Hamilton rubbed his chin.
“I’d never thought of it like that,” he admitted. “I must say it sounds very feasible.”
“It is feasible. But don’t misunderstand me. Your real magician, your true Hermetic philosopher, though he may be able to effect material results, does not study his books, and train his will, merely to perform vulgar marvels. He leaves that to the conjurer on the variety stage. No, his is a real science of life, a perpetual striving to blend the macrocosm with the microcosm, to plumb all the mysteries of nature by attaining higher planes of being. That’s the mystic way.”
“But there were Catholic mystics, Father.”
“Of course: St. Theresa, St. John of the Cross, and countless more. But theirs was not the way of magic. They always endeavoured to pass the plane upon which the magician works — the astral plane, I think they call it — going higher and ever higher, until at last they achieved union with the ultimate reality, God Himself. No, my son, the real danger of magic is that it leads to egotism, and arrogant pride of one’s own knowledge and power. Seeking after the many, it forgets the One. It strives to know instead of to be. What said Eliphas Levi, perhaps the greatest of the Hermetic philosophers? ‘Too deep a study of the mysteries of nature may estrange from God the careless investigator, in whom mental fatigue paralyses the ardour of the heart.’ And Levi became a Catholic at the last, you know.”

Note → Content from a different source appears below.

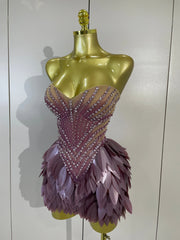 Victoria strapless sheer mesh bodycon dress with sparkling leaf embellishments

“I’m afraid I know very little of these things, Father.”
“The less the better, my son. Tell me, what manner of man is this Nicholas Gaunt?”
They had finished breakfast, and were sitting smoking Hamilton’s tobacco. The latter thought for a while before replying; then:
“He’s a charming man, Father. Brilliant; tremendous will-power; amazing knowledge of practically any subject. A fascinating character. Kindly, too, or appears to be. I think he’s honest, and is really fond of Tony.
“H’m. He’s evidently made a good impression on you, at all events. I must confess I liked what I saw of him at the funeral. And this friend of his, Simon Vaughan — he doesn’t seem to have impressed the Dykes much, from all accounts.”
“No, he strikes one as rather repulsive at first sight. He’s a short, enormously fat chap; flabby, you know. Head like a toad, rather: bald and flat. Small eyes, with heavy lids. Thick red lips that scarcely move when he speaks, slurring his words. But after you’ve been talking to him for a while he is so polished and delightful that you soon forget his appearance and think what a fool you were to notice it.”